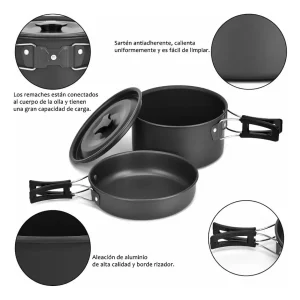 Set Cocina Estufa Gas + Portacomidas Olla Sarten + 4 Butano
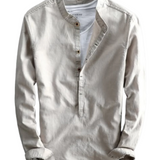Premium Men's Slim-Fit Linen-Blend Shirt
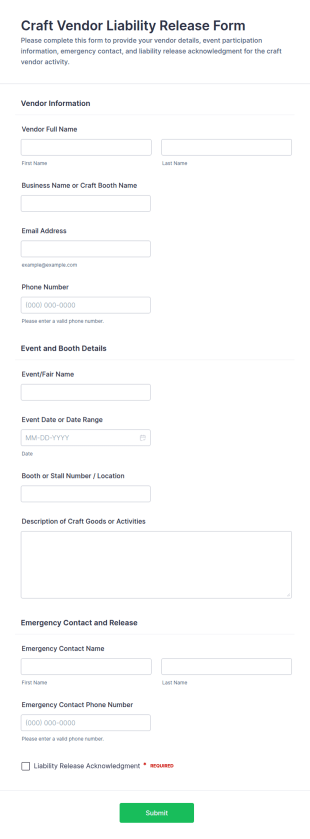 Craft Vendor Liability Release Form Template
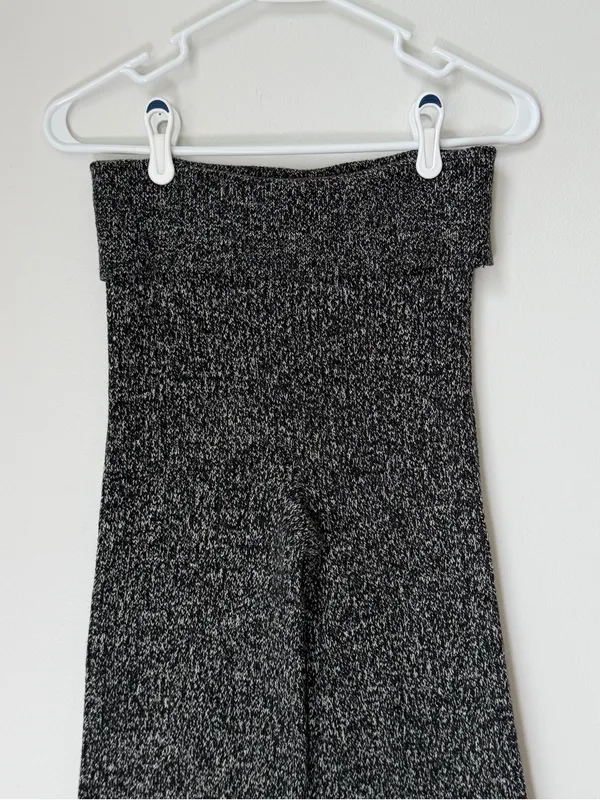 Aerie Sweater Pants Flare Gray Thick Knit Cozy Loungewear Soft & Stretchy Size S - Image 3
:::::
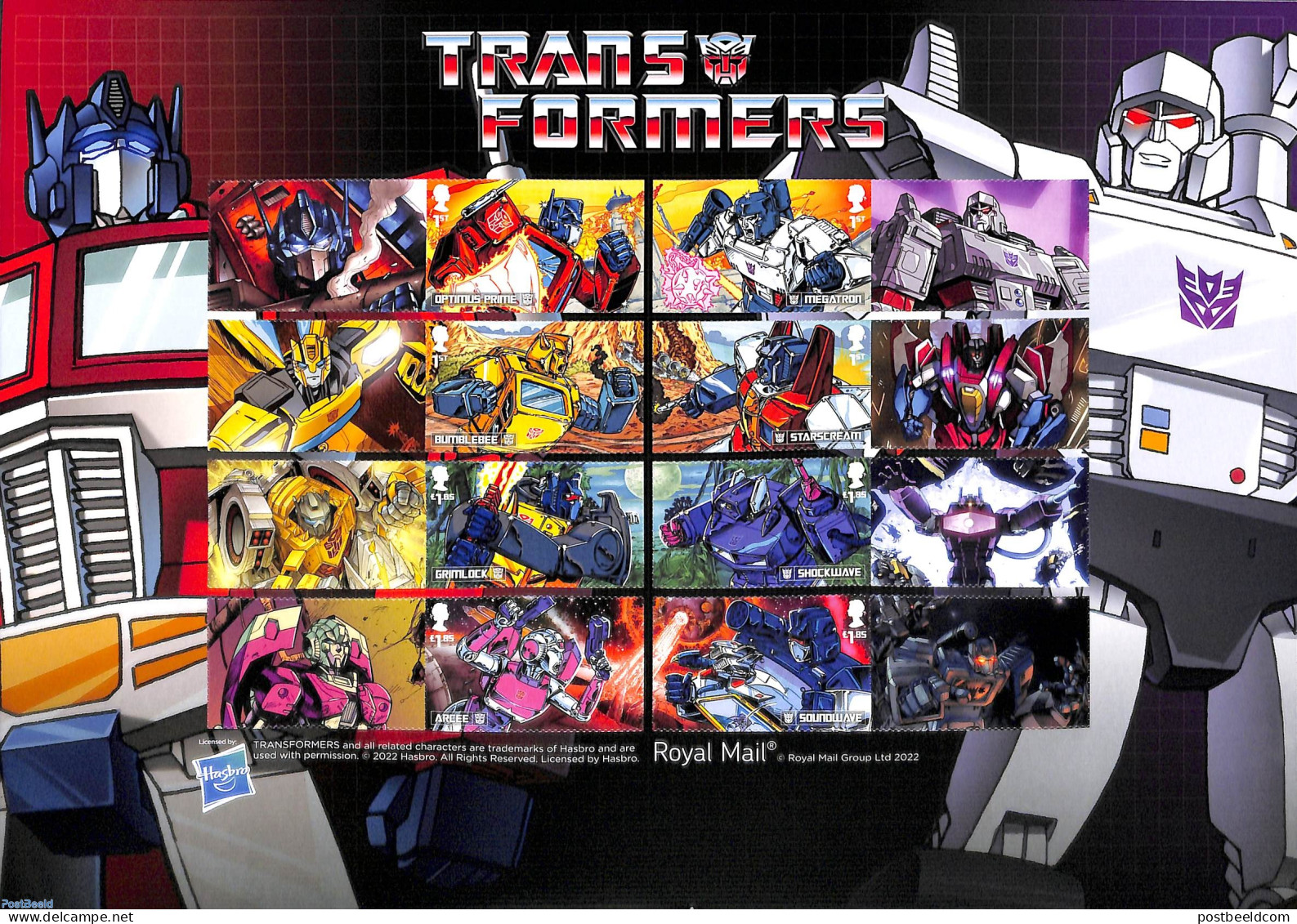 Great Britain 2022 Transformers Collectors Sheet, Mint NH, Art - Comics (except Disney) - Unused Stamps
:::::
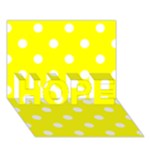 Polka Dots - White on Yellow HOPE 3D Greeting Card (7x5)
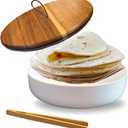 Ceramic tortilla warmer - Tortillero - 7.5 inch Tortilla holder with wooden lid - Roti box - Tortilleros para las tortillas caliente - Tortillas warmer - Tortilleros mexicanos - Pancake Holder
:::::
What to produce: Look above and copy only the lines from the one holding "Polka Dots - White" to the one holding "Ceramic tortilla warmer", both included, exactly, minus the pictures.

Solution:
 Polka Dots - White on Yellow HOPE 3D Greeting Card (7x5)
 Ceramic tortilla warmer - Tortillero - 7.5 inch Tortilla holder with wooden lid - Roti box - Tortilleros para las tortillas caliente - Tortillas warmer - Tortilleros mexicanos - Pancake Holder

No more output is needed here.